A full 89% of platform teams are already hosting or planning to host AI workloads, according to new survey data from Vultr and Platform Engineering.
The findings, published in The State of AI in Platform Engineering report, show that while AI adoption is now firmly mainstream, most organizations remain mired in experimentation, with significant gaps in infrastructure and collaboration slowing progress toward enterprise-scale deployment.
The survey reveals AI is now integral to platform engineering practices. A full 75% of respondents report using AI daily for coding tasks, while 70% rely on it for documentation.
The findings suggest how deeply AI has embedded itself into everyday developer workflows. Yet, despite this momentum, the report highlights that many organizations are still pursuing quick wins rather than developing long-term strategies.
One major roadblock is ownership of AI platforms. The survey found 39% of organizations assign AI platform responsibilities to platform engineering teams, but 13% admit they have no clear ownership model at all.
This lack of accountability has left many enterprises without a consistent path for scaling AI workloads.
Kevin Cochrane, CMO of Vultr, says to establish clear ownership and accountability for AI infrastructure, organizations need to treat it like a product, not a project.
“This means defining clear boundaries, standards, and guardrails — while enabling other groups to build within them,” he explains.
Cochrane says by setting ownership up front and enforcing best practices like CI/CD, observability and incident response, organizations can ensure AI amplifies value instead of technical debt.
He points out infrastructure remains another sticking point, with 16% of organizations using hybrid environments for AI workloads, and only 9% running GPU workloads fully on-premises.
The cloud remains dominant, but the data suggests that many teams are still experimenting with deployment models rather than executing well-defined hybrid or multicloud strategies.
Kubernetes adoption for AI orchestration tells a similar story. While 40% of respondents leverage Kubernetes to manage GPUs, 35% admit they don’t orchestrate AI workloads at all. Without orchestration, enterprises risk bottlenecks, inefficiencies and escalating costs as workloads increase in complexity.
Collaboration across technical roles is another challenge, with nearly a third (31%) of platform engineers admitting they experience limited collaboration with data science teams, and 16% reported no collaboration at all.
These silos prevent organizations from fully capitalizing on AI investments, as disconnected teams struggle to align models, pipelines and infrastructure.
Outdated processes also weigh heavily on AI adoption. A full 41% of survey respondents said their organizations have not updated CI/CD or DevSecOps pipelines to accommodate AI workloads. This gap makes it difficult to operationalize AI in a secure, scalable and repeatable way.
At the same time, platform engineers are clear about what they need. More than half — over 50% of respondents — want infrastructure templates and blueprints to help streamline deployment and reduce duplication of effort.
That foundation, according to the survey, includes GPU-ready instances that can deploy in minutes, global orchestration built in from the start, composable architectures tailored for AI and machine learning pipelines, advanced MLOps governance and flexible deployment across hybrid and multicloud environments.
With these capabilities, teams can move beyond proofs of concept and pilots into enterprise-wide AI production.
Cochrane cautions running AI workloads without orchestration risks inefficiency, inconsistent resource utilization and uncontrolled technical debt.
“Platform engineers can help by implementing GPU and AI-aware orchestration frameworks and defining clear paths for deployment,” he says. “They will play a critical role in ensuring workloads are scalable, reproducible, and secure.”

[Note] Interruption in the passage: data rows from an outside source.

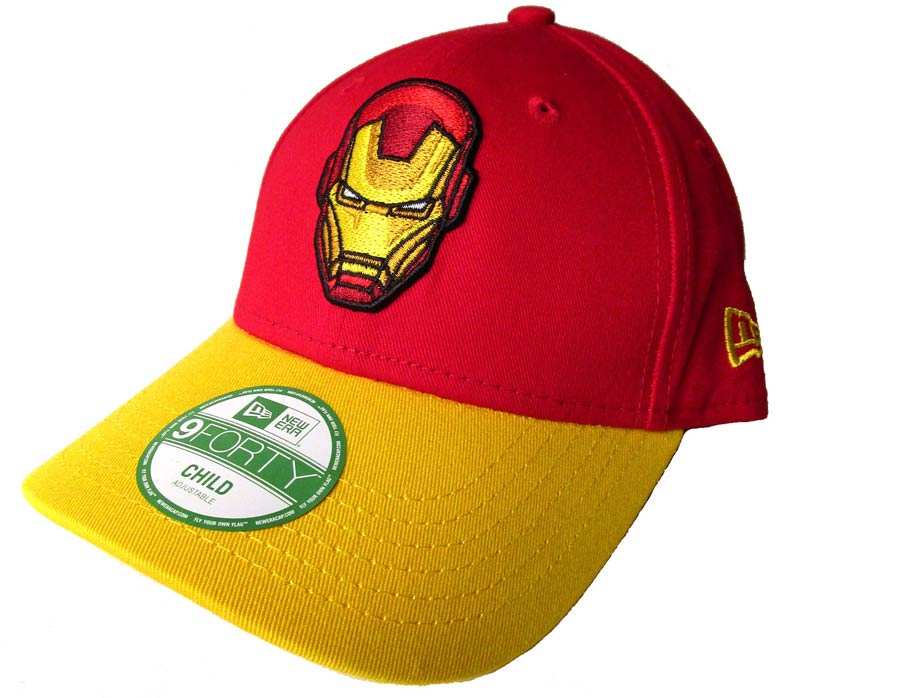 Iron Man Red Youth 940 Velcro Strapback Cap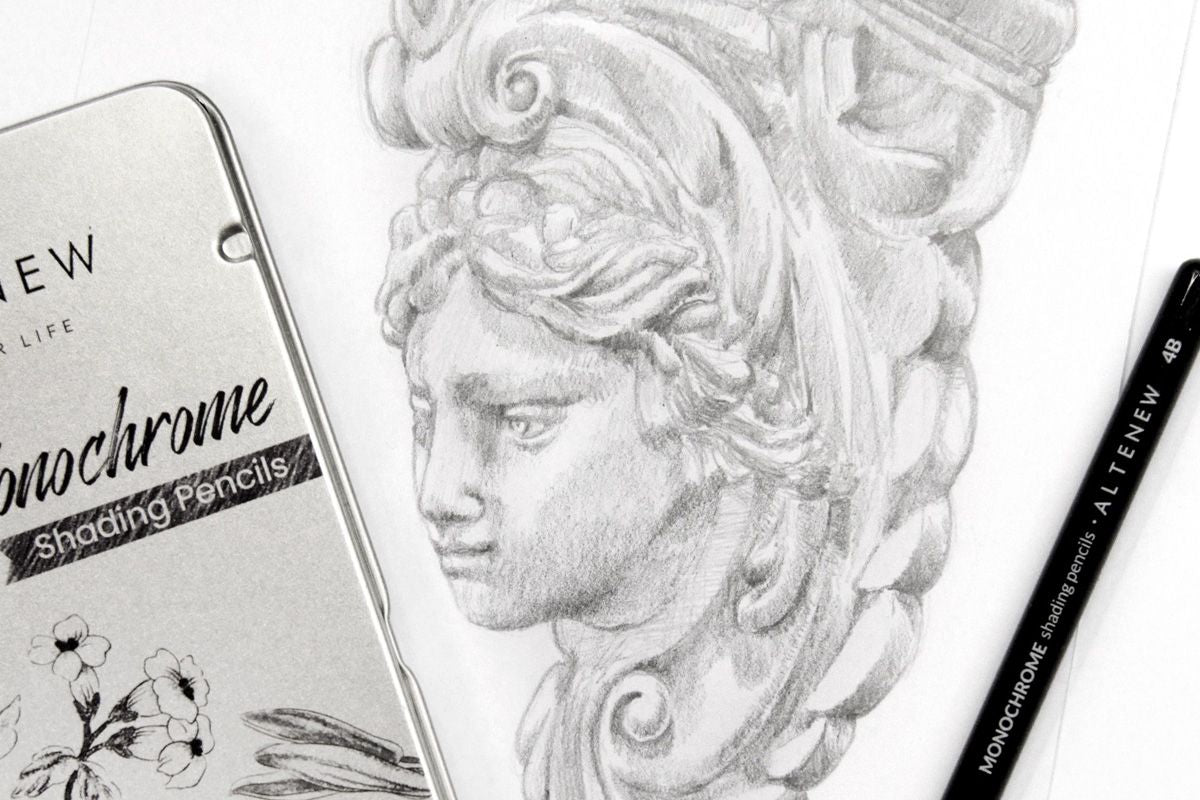 Create stunning sketches with the best drawing supplies on the market - these monochrome shading pencils! 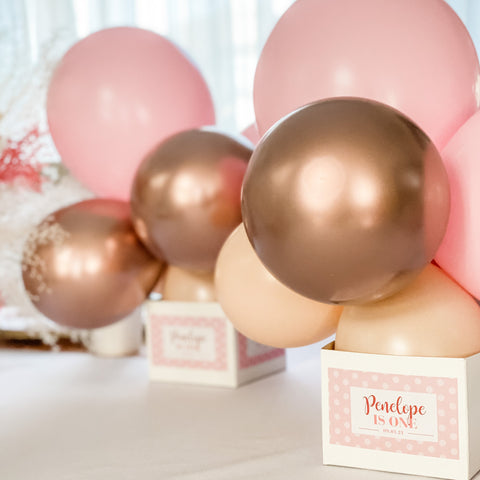CENTRE DE TABLE BALLON BHO PAMPAS POUR PREMIER ANNIVERSAIRE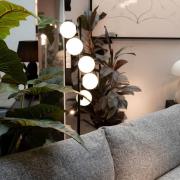 KARE gulvlampe Scala Balls, svart, 160 cm, G9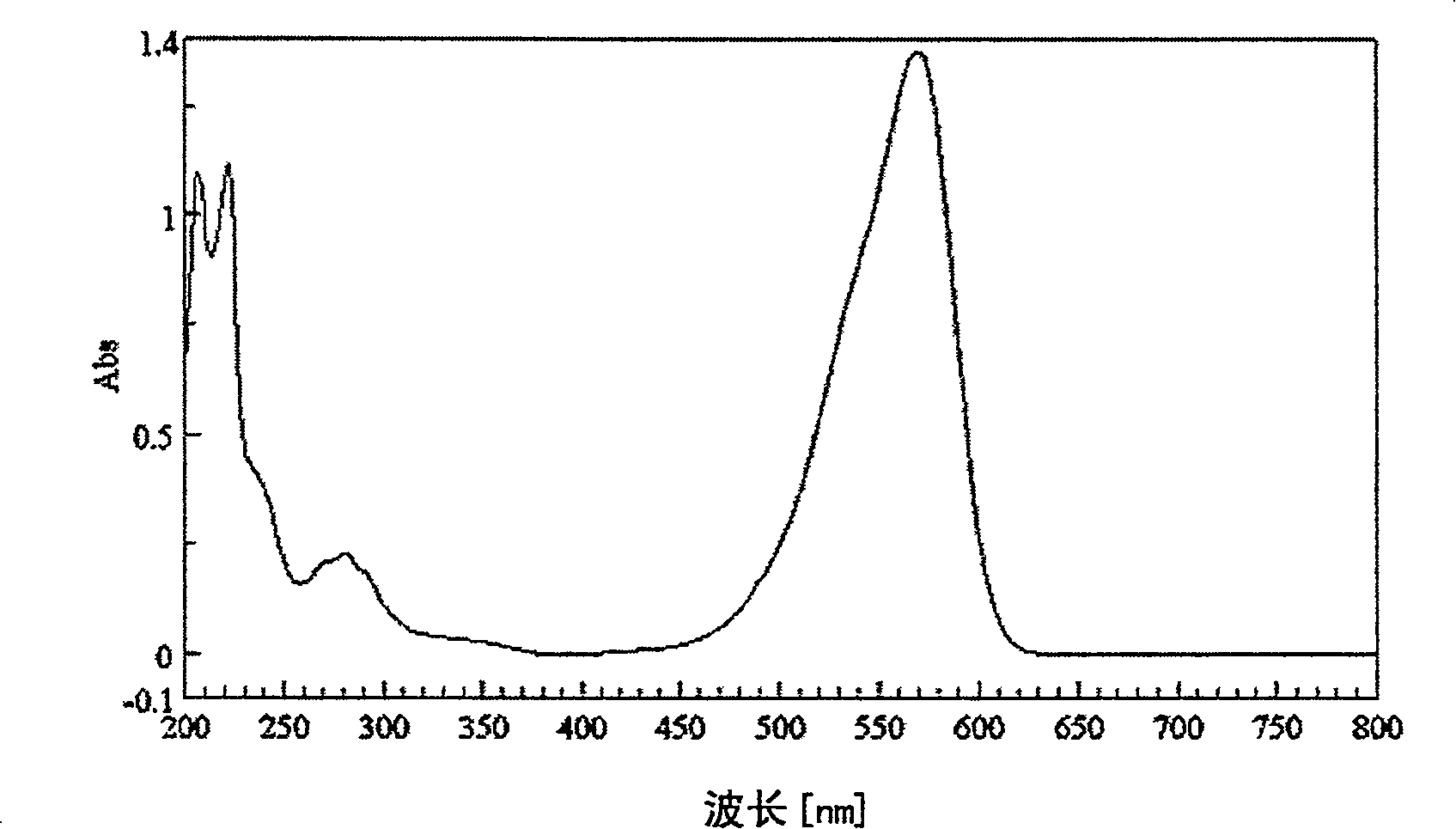 Indolyl styrene salt compound, high density recording medium including said compound and its preparing method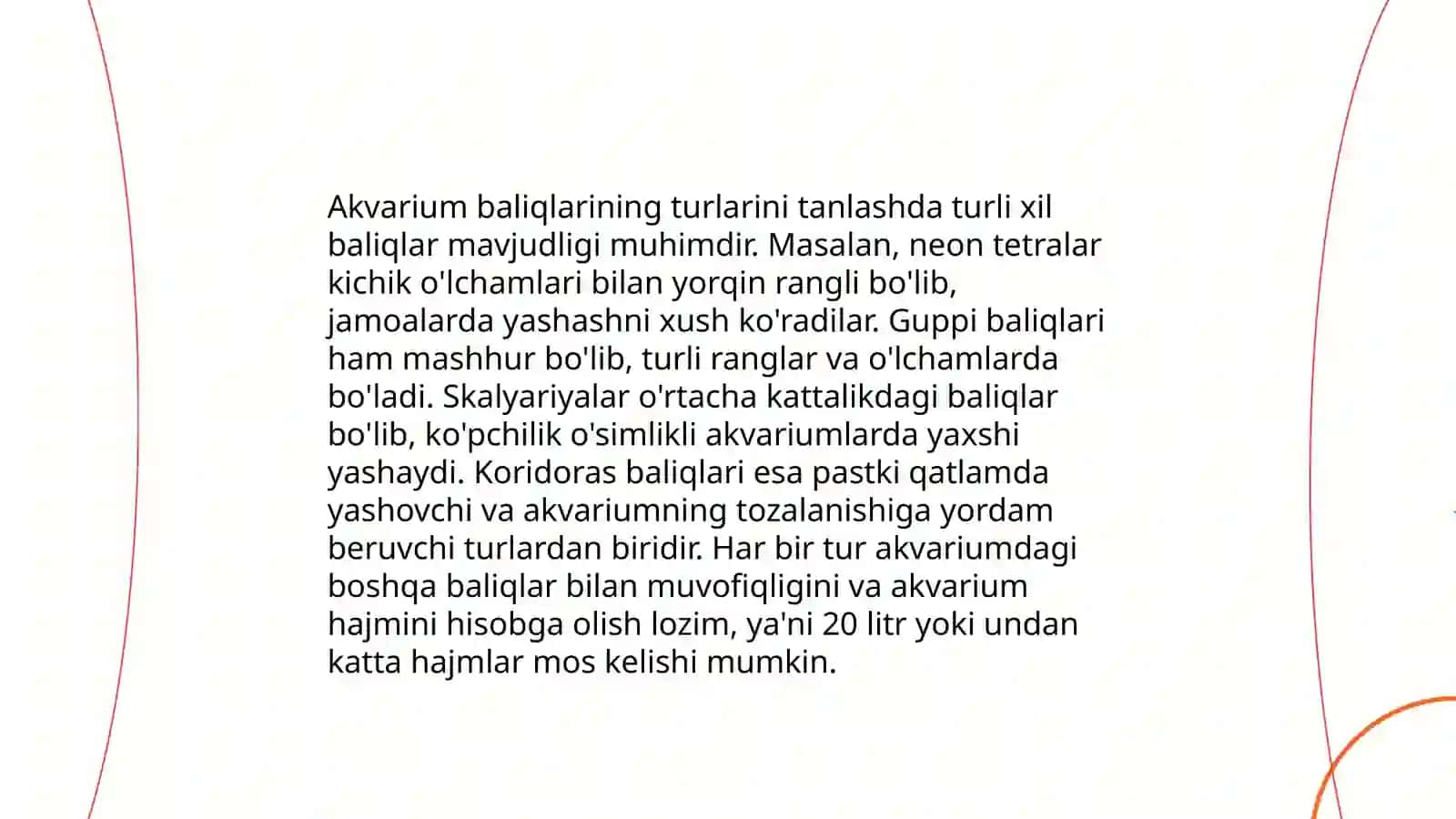 Akvarium baliqchiligida tanlash va saralash 3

Despite today’s challenges, the report makes clear that the future of AI in platform engineering is not in doubt.
Adoption is widespread, use cases are multiplying, and demand for scalable, secure AI infrastructure is only intensifying. The current hurdles — ownership, orchestration, collaboration and governance — are less about willingness and more about execution.
The survey findings indicate platform engineers are being positioned at the center of enterprise AI strategy, responsible not only for enabling experimentation but for building the infrastructure and processes that will allow organizations to scale AI with confidence.
Cochrane says to foster cross-functional trust, leaders can establish joint governance structures where both platform engineering and data science teams have a voice in AI infrastructure decisions and define shared ownership of workloads.
“Transparent communication channels, including regular check-ins, dashboards and documentation, will be key in helping teams stay aligned on goals, progress and challenges,” he says.